_WORK ITEM_:
Find the lines in the listing below that have the word "рублей" and give their count, nothing else.
_____
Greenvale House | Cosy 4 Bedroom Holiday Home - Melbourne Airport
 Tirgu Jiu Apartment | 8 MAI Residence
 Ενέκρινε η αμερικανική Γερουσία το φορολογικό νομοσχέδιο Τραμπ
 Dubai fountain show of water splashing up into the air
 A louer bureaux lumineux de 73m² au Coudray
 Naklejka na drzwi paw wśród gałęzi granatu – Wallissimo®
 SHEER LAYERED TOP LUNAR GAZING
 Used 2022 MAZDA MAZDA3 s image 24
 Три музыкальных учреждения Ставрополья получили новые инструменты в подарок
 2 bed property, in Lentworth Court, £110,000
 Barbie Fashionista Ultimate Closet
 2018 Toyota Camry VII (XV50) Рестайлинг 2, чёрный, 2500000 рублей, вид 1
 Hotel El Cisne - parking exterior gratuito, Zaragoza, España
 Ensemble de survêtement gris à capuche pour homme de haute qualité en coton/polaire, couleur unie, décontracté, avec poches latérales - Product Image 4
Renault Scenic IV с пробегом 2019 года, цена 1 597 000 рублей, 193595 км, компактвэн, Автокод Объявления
_____
_REPLY TO THE EXERCISE_:
2